Für den Aufbau des Ostens werden Zuschüsse gezahlt. Auch die Firma Hebold - die bereits weitere "Objekte" in Oldenburg bewacht, wie z.B. die ZAST in Blankenburg - ist seitens des Arbeitsamtes gefördert worden. Damit wurde in Oldenburg per Lohndumping und mit öffentlicher Förderung die Erwerbslosigkeit hochgetrieben. Denn die meisten der früheren Wachleute sind selbst heute noch erwerbslos, soweit sie sich nicht bereits im Ruhestand befinden.
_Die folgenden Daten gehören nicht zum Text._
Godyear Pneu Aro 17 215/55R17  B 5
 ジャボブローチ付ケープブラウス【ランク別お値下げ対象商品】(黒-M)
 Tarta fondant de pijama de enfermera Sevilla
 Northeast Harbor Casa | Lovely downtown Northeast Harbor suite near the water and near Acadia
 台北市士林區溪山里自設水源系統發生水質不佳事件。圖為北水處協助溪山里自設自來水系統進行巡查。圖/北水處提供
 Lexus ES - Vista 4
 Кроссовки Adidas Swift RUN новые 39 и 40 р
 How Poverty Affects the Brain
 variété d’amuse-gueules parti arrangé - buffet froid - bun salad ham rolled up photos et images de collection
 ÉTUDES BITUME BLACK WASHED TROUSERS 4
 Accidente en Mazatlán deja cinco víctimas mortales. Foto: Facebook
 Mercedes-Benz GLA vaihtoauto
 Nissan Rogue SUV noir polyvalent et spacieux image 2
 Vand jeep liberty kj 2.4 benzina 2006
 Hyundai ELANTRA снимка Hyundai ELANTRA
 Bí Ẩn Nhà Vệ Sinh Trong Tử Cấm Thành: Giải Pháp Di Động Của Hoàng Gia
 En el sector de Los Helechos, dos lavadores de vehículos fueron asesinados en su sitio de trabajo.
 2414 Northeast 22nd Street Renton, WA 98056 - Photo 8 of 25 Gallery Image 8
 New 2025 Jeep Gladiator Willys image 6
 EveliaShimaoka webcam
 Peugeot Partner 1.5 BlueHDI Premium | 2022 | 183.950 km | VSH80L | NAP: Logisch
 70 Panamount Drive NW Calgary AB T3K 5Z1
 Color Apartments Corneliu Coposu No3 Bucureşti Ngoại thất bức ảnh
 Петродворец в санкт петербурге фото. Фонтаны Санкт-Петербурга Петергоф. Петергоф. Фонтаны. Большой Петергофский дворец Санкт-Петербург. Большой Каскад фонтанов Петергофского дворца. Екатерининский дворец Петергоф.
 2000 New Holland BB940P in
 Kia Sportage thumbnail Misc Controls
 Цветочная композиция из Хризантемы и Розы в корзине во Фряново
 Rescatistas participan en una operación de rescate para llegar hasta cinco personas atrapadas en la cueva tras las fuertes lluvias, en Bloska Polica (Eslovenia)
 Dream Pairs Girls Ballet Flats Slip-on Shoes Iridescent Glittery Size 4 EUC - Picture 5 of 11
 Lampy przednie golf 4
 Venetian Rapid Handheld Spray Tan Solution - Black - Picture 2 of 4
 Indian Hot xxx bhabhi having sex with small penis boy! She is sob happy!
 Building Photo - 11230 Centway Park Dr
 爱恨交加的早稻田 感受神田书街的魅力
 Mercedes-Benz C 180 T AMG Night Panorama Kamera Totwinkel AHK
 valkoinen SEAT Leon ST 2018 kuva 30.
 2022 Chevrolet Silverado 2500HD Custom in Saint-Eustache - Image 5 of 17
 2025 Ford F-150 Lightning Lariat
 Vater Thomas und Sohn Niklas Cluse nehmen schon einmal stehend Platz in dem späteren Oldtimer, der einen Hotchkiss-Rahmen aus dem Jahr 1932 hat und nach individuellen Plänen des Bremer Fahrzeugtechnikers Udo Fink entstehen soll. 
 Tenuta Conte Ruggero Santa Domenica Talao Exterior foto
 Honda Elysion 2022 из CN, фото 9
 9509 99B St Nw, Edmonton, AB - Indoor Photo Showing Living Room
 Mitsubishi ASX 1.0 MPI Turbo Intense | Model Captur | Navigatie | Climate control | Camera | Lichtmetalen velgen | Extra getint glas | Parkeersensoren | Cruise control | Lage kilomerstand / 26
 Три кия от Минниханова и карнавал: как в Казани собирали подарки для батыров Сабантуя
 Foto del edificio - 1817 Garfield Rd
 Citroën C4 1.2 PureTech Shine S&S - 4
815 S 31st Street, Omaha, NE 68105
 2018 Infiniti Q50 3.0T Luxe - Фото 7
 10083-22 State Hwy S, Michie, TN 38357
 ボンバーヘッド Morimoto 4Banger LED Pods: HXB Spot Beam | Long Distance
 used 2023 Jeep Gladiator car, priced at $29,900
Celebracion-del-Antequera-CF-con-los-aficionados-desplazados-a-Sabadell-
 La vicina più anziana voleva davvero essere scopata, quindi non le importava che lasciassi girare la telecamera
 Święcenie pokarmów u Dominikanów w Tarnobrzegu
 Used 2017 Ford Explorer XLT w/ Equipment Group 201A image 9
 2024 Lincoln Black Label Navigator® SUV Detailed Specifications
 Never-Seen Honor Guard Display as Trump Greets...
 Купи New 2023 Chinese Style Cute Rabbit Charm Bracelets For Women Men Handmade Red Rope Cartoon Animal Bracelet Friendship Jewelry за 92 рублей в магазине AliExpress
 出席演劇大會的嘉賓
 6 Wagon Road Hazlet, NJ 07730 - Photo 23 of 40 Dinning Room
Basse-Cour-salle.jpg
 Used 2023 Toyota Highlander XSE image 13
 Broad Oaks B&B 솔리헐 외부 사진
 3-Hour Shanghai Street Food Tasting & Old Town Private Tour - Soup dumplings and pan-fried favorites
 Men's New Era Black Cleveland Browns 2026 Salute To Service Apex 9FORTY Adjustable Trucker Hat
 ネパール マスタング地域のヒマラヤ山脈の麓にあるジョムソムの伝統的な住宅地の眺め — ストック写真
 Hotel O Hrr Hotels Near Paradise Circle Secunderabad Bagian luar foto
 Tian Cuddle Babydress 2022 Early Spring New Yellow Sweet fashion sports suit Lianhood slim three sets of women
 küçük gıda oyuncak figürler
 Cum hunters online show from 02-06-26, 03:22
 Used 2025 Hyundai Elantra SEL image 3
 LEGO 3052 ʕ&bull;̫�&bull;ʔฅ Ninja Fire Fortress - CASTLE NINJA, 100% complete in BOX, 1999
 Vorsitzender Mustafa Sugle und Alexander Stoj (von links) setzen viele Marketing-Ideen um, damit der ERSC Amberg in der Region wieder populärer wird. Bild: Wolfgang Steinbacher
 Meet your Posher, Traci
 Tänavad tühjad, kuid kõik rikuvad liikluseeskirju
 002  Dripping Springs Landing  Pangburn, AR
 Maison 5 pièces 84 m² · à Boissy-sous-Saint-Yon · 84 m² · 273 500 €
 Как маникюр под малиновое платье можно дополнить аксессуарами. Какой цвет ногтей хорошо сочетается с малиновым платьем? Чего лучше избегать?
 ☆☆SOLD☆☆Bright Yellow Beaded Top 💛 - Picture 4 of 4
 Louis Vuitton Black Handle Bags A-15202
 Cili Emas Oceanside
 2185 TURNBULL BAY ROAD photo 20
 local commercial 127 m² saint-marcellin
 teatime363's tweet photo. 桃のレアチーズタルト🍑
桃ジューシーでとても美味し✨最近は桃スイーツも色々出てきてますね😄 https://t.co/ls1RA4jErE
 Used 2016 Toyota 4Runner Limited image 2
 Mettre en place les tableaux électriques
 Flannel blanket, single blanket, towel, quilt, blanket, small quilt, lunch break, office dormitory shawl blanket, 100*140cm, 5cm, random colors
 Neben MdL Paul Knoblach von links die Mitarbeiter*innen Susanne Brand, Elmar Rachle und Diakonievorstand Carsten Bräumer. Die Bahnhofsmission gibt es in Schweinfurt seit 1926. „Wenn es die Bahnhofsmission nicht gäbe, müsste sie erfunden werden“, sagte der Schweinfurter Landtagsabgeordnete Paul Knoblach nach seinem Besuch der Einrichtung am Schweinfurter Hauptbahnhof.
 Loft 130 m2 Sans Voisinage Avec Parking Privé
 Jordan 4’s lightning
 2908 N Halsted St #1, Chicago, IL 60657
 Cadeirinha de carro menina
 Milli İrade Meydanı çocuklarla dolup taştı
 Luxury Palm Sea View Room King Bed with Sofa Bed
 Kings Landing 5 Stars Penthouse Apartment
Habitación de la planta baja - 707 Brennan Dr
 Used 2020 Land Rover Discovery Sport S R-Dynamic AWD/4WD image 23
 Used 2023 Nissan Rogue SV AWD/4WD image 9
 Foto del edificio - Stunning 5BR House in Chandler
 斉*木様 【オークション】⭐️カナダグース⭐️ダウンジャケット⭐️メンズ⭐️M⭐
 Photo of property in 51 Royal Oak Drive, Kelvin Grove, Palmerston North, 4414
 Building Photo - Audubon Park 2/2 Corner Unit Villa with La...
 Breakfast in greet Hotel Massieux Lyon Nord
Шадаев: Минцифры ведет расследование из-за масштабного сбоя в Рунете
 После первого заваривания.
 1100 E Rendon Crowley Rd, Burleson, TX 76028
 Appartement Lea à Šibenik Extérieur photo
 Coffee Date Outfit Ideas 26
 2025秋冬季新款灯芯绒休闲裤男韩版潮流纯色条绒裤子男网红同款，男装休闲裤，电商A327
Eindeutige Gesetzesbrüche Eindeutige Vertragsbrüche

Das Gesetz zur Regelung von Arbeitszeiten sieht klare Bestimmungen für Ruhephasen vor, die in Oldenburg nicht eingehalten werden. Die gesetzlichen Höchstzeiten für Arbeitsphasen werden überschritten. Der Tarifvertrag für das Wach- und Sicherheitsgewerbe im Lande Niedersachsen ist allgemeinverbindlich. Das bedeutet, daß für alle Berufstätigen, die in Niedersachsen zu dem Geltungsbereich dieses Tarifvertrages zu zählen sind, auch die entsprechenden Tarife gezahlt werden müssen. Gewissermaßen hat dieser mit der Gewerkschaft Öffentliche Dienste, Transport und Verkehr (jetzt ver.di) geschlossene Vertrag Gesetzeskraft - er ist eben verbindlich. Dabei ist unbedeutend, daß die Firma Hebold nicht Mitglied in einer Arbeitsgebervereinigung ist. Tatsächlich jedoch zahlt Hebold die Hälfte und teilweise deutlich weniger als die Hälfte der dort festgelegten Beträge.

Aktuelle Verhandlungen für guten Lohn

Derzeit versuchen die Wachleute, zumindest den Thüringen-Tarif ausgezahlt zu bekommen. Doch auch der ist deutlich niedriger als der Niedersächsische. Deshalb muß für die Carl-von-Ossietzky Univesität gelten: In Niedersachsen wird niedersächsischer Tarif bezahlt. Vielleicht fällt es dann einigen - besonders auch professoralen - Mitarbeitern der Universität leichter, die Menschen als gleichrangig zu betrachten - und zu behandeln.